The album’s title is an homage to Whole Earth, Stewart Brand’s DIY periodical from the late ‘60s and early ‘70s, the central purpose of which was to empower people to be holistically self-sufficient. From product reviews of carpentry tools, to how-to guides for growing your own food, to techno-optimistic analyses that’d go on to inspire Silicon Valley startup culture, parallels of the catalog’s DIY ethos can be found all throughout Hole Erth. Bear cites gorpcore, a new-age fashion trend of functional, outdoorsy outerwear worn as streetwear, as influencing the album’s aesthetic. This also ties back to Brand’s influential counterculture catalog. Bear notes: “Things have gone in a more gorp-y direction. Humans are tapping into this more tribal, earthier aesthetic. The Whole Earth catalog is this encyclopedic, self-sustaining guide. With the album title alone, that’s something I wanted to spark as a conversation. We can be off the grid, and also be on the internet, and try out all of these different lifestyles at the same time.” This sense of duality exists within Hole Erth: it’s seeped in the technological world while embracing real-world human connection.

The sounds that make up Hole Erth might feel like new territory for Bear, but in reality it’s a return to form for Toro y Moi – a project that has always orbited electronic music. “Toro is not a rock band,” Bear assures. “To me, my folk records and psych rock records are the side quests. What I fell in love with with the Toro project were the electronic productions – the samples. There’s always more to be done in the electronic world.” His experimentation with electronic production is most obvious on tracks like album opener “Walking In The Rain,” an immediate immersion into the brooding pulse of Hole Erth

Given Bear’s work with some of modern rap’s most influential acts, it’s no surprise that his autotuned cadence and cheeky play-on-words calls to mind the moody braggadocio of today’s popular hip-hop. “Hollywood,” featuring Benjamin Gibbard of Death Cab for Cutie and The Postal Service fame, places warped vocals and ephemeral sound bites of internet dial-up beneath watery ruminations on celebrity and the delusions prevalent in Tinseltown. The track’s nostalgic nods in combination with Bear’s genre fluidity is a Toro y Moi trademark that can be heard throughout his discography. From the twangy, laidback reflections that comprised his most recent Sandhills EP, to the retro-futuristic grooves of 2019’s Outer Peace, Bear is no stranger to flexing his muscles as a forward-thinking musical chameleon, while still managing to make music that feels eternally familiar yet compelling.

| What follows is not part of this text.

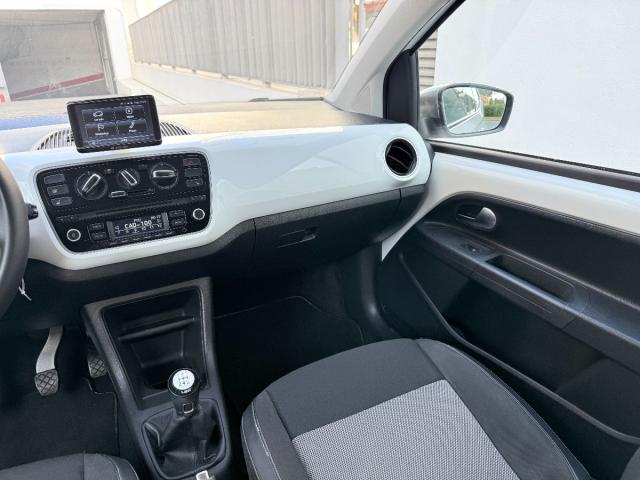 VOLKSWAGEN – Up! – 3p White 1.0 75 CV-VENDIDO-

A sense of nostalgia sneaks its way into almost every Toro y Moi release, but angst is an emotion that Bear has never intentionally explored the way he does here. Tracks like “Tuesday” channel a specific, yet forever-relatable sense of adolescent unease. A distorted guitar riff leads into a repeating chorus that conjures misunderstood teenagers singing aloud, maybe too loud, while riding bikes through American suburbs. This foreboding can also be heard on “HOV,” though not without poking some fun with lines like “Romance is so cold / My advice? To bring a coat.” 

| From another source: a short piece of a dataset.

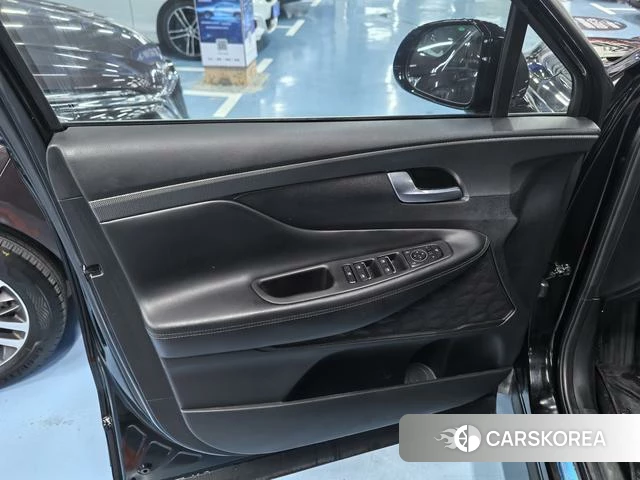 Hyundai Santa Fe 2020 Черный из Китая, фото 5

A sense of playful ambition and experimentation sits at the core of Hole Erth. Bear has the energy, but is acutely aware that his energy isn’t forever. At a time when the internet is blending multiple genres into one at an increasingly rapid pace, Bear accomplishes the rare feat of keeping up with the contemporary alternative listener. Constantly changing, evolving and experimenting is the heart of Toro y Moi, and on Hole Erth Bear challenges but also reclaims himself, embracing the myriad sounds and eras that formed him, while crashing new worlds together. 

Hole Erth is out September 6, 2024, on Dead Oceans.